Segment Open
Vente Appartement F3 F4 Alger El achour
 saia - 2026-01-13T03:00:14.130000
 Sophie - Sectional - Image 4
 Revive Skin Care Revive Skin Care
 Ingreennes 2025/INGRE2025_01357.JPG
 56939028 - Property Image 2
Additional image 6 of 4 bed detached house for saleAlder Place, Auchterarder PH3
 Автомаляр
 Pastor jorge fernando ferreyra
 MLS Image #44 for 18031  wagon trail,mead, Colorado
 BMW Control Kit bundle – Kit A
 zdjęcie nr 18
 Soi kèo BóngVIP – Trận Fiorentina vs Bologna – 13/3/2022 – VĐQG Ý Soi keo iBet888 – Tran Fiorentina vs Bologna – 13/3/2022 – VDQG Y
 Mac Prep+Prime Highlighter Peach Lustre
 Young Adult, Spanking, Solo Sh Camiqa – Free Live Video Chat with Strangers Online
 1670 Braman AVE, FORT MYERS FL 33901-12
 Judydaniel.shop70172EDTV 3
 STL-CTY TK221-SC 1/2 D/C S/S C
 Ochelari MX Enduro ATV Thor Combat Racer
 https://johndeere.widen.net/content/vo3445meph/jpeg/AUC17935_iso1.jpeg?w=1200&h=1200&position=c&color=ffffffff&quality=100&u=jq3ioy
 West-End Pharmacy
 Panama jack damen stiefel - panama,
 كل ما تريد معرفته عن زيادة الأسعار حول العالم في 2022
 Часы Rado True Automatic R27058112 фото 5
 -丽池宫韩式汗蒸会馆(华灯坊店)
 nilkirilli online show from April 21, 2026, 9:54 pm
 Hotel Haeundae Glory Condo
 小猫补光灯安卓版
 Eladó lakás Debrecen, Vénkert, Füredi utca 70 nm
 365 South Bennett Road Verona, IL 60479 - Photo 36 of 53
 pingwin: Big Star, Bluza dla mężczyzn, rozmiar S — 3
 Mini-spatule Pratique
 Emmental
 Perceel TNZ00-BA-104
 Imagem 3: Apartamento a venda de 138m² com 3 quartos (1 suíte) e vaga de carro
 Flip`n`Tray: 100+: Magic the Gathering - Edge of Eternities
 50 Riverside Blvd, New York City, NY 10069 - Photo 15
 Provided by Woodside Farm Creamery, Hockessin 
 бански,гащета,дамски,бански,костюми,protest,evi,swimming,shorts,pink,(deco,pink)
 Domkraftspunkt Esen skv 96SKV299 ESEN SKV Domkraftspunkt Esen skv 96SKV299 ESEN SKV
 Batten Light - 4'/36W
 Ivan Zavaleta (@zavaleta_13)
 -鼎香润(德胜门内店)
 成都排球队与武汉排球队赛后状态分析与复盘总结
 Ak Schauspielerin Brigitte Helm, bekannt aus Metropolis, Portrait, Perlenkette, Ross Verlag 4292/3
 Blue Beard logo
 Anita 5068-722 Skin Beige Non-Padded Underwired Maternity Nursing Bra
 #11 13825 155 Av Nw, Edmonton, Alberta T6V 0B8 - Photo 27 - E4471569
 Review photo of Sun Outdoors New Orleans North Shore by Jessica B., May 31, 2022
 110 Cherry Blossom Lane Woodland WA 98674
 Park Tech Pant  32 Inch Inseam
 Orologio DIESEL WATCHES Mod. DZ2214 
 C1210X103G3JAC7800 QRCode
Segment Closed
**What is being asked:**
Using the listing above, return all lines where the word "Skin" occurs.

**Exercise result:**
 Revive Skin Care Revive Skin Care
 Anita 5068-722 Skin Beige Non-Padded Underwired Maternity Nursing Bra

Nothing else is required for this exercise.